WTF.......no pic showing up????


----------



## nismoprincess (Sep 27, 2002)

I like it 
:banana: :banana:


----------



## duben inc (Oct 31, 2002)

ebruceii- I'm south of Pittsburgh in Washington... are there many more members here from Pittsburgh metro area?


----------



## holy200sx (Jan 8, 2003)

i took pix of the hid, but it was my friends camera, with the automatic flash trash.. give me some time..i just need a camera that takes nightpic's... the color of light on the ground is white... and on some surfaces (new asphault)its like purple white / blue white...


----------



## Guest (Jul 30, 2003)

looks good


----------



## Ninety-Nine SE-L (May 5, 2002)

these are city lights:
http://1997ga16de.nissanpower.com/cgi-bin/i/images/dsc03029.jpg

you can see how the housings light up a bit from the 194s. Kinda looks like the lights on a Benz.


----------



## Ninety-Nine SE-L (May 5, 2002)

oh, Holy, when you get the pic, get a pic of the lights projected onto a wall or garage door or something.


----------



## OneViaVision (Apr 2, 2003)

looks real nice.. i prefer the Chome Halo Projecter lamps tho.. and I have the same chrome grill as you btw.. looks pimp


----------



## holy200sx (Jan 8, 2003)

lol, im trying man.. i need a Fing camera.. without a flash.. damnit


----------



## LIUSPEED (May 29, 2002)

sprint pcs camera .


----------



## samo (Apr 30, 2002)

Holy - check out the Canon Powershot A40. I use one for most of my photography, and I've found it to be high-quality, as well as very flexible. It's certainly not a professional-level camera by any means, but for ~$300, it's awesome. Check out www.nwnismo.com to see the kind pictures it takes.


----------



## HondaEater0007 (Oct 1, 2002)

dude, i dont mean to dis you, but that grill is gayer then fuck, the lights are tight tho. sorry, i'm not a fan of chrome.


----------



## SlowestRice (Sep 14, 2002)

HondaEater0007 said:


> *dude, i dont mean to dis you, but that grill is gayer then fuck, the lights are tight tho. sorry, i'm not a fan of chrome. *



Dude, I don't mean to diss you either but I don't think he did it for your taste.


----------



## holy200sx (Jan 8, 2003)

well.. funny thing about it is, back when i had the 98 style grill, the 97 style grill, and the super modificated gutted grill, i noticed that no one said jack about my car.. now, ive had 5 compliments saying "damn, look at that mercedes" or "look its like a 2dr infinity.." these are the compliments i count, not just some punk ass kid, who likes "ricky ricer" only looking stuff.. "oh give me a bodykit, and an exhaust, and ill be happy!".. i get noticed alot more with my hid, and other accessories.. please dont hate, at least dont be like "oh blah blah is gay" have you ever even seen it? seriously. in person, have you seen the infinity grill?....

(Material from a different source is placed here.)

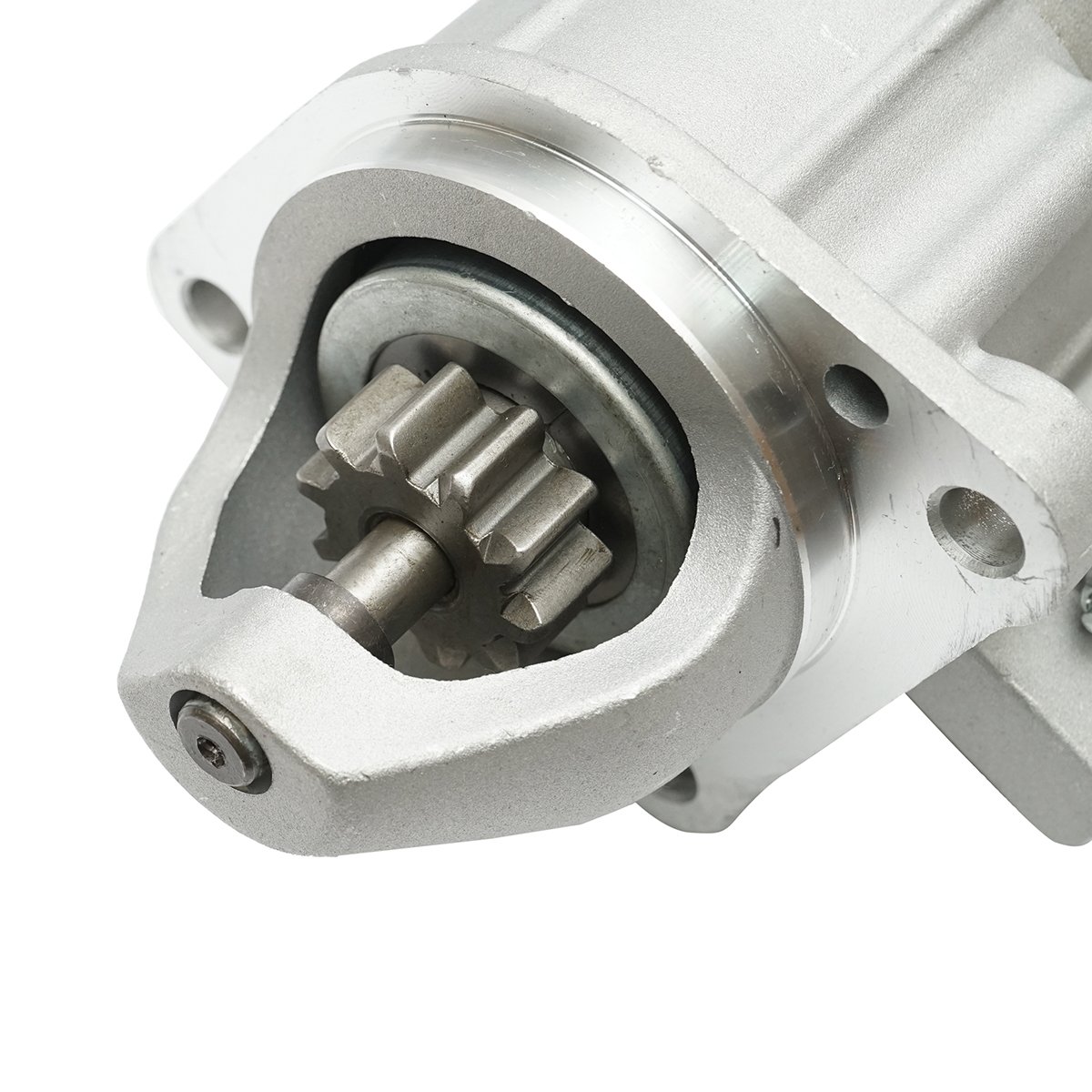 Electromotor Landini, Massey Ferguson, JCB, cu motor Perkins cod OEM 714/37150, 2873K404, 2873K621, 2873K632, 3586847, 3784889M2, 3784890M1, 3823621M91 Breckner Germany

also, HID pics will be up tommarow, for sure, i had my buddy send me them, but he logged off tonight.. MTH FUCKA

fuck it, im making a newer thread. I got new stuff anyways.


----------



## samo (Apr 30, 2002)

SlowestRice said:


> *Dude, I don't mean to diss you either but I don't think he did it for your taste. *


Dude, I don't mean to dis you, but I think he asked for opinions.


----------



## holy200sx (Jan 8, 2003)

:: owned ::


----------



## duben inc (Oct 31, 2002)

Dude, I dont mean to diss you, but there is alot better ways to say your ride isn't as nice as holy200sx's. Its all about constructive criticism. I gotta say, its clean. Am I gonna do it exactly like his is? Hell No, I'm gonna do what I think would look best on my car. Which is axactly what holy is doing. So please, we dont need that type of shit here.


----------



## holy200sx (Jan 8, 2003)

yea, i like the way infinitys look.. and people i barely even know are like.. damn did you get a new car... they dont even know its a 200sx/sentra..


----------



## Gimp (Jun 9, 2002)

DUDE...DUDE...DUDE...DUDE....what the hell.....I feel like I'm watching Jeff Spicoli on Fast Times at Ridgemont High! 

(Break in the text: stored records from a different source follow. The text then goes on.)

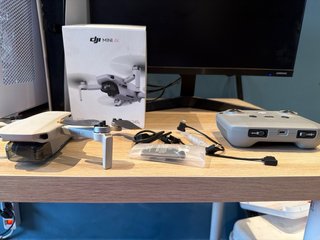 Dron DJI Mini 4K Ultraligero 249g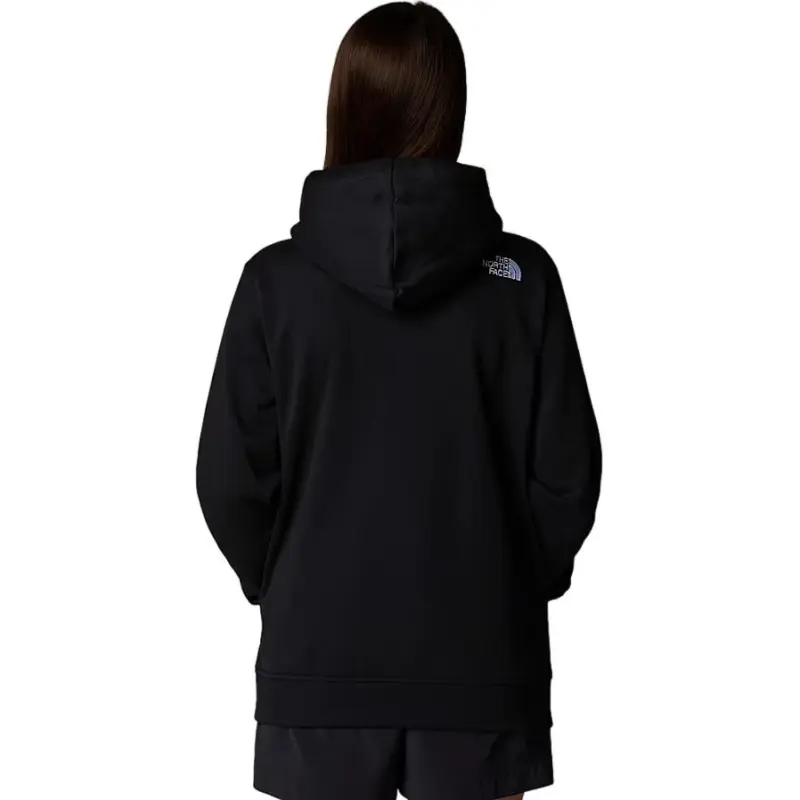 THE NORTH FACE Logo Detailed Drawstring Hoodie-5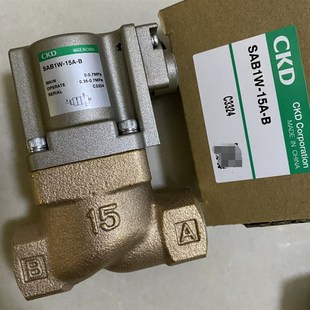 10A 20A 15A SAB1A SAB1W 全新CKD气控阀SAB1W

ANYWAY...nice holy....to each their own.


----------



## ebruceii (Apr 17, 2003)

Dude...You're gettin' a Dell.....*puff* *puff* *pass*..


----------



## GTRsentra (Jul 10, 2003)

Your would hotter with some rims


----------



## Ninety-Nine SE-L (May 5, 2002)

DUDE, I think you should complete the look by putting the Nissan emblem center on the hood (just above the grille). I think automotive places sell "emblem tape" for this app.


----------



## GTRsentra (Jul 10, 2003)

this is hot to


----------



## holy200sx (Jan 8, 2003)

i had rims.. but i need a new tire.. im just lazy.. lol


----------



## SlowestRice (Sep 14, 2002)

GTRsentra said:


> *Your would hotter with some rims
> 
> 
> 
> ...



I think you need to get the smoked color projectors.


----------